START DATASET CONTENT

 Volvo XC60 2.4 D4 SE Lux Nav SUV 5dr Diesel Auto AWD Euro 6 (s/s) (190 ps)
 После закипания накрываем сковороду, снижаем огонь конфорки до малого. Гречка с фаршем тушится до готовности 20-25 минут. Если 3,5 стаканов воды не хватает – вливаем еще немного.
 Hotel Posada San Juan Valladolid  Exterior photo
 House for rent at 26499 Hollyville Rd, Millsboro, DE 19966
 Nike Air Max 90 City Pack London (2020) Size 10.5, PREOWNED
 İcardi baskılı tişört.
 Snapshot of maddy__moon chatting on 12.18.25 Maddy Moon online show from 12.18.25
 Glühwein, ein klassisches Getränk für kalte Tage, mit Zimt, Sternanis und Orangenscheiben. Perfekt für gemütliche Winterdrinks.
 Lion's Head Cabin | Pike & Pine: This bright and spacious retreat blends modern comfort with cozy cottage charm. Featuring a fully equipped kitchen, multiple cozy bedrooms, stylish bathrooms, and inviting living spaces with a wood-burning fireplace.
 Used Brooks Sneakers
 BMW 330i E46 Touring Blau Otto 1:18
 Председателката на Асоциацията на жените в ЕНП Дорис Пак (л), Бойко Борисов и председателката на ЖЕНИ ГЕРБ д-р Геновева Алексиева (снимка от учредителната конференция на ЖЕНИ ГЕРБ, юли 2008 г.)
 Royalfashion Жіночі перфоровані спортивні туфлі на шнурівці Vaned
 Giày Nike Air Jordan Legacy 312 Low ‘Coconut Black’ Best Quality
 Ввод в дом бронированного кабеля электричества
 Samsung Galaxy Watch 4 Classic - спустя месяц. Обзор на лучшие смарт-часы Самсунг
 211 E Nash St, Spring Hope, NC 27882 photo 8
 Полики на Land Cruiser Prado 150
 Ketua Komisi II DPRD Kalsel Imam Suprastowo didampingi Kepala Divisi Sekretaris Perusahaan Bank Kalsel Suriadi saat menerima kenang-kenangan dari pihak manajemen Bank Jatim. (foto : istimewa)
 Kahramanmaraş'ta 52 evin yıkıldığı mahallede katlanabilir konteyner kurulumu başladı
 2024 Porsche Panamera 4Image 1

END DATASET CONTENT

▶ _INSTRUCTIONS TO FOLLOW_:
Your task is to copy every line in the entries that holds the string "Nike".

▶ _REPLY TO THE EXERCISE_:
 Nike Air Max 90 City Pack London (2020) Size 10.5, PREOWNED
 Giày Nike Air Jordan Legacy 312 Low ‘Coconut Black’ Best Quality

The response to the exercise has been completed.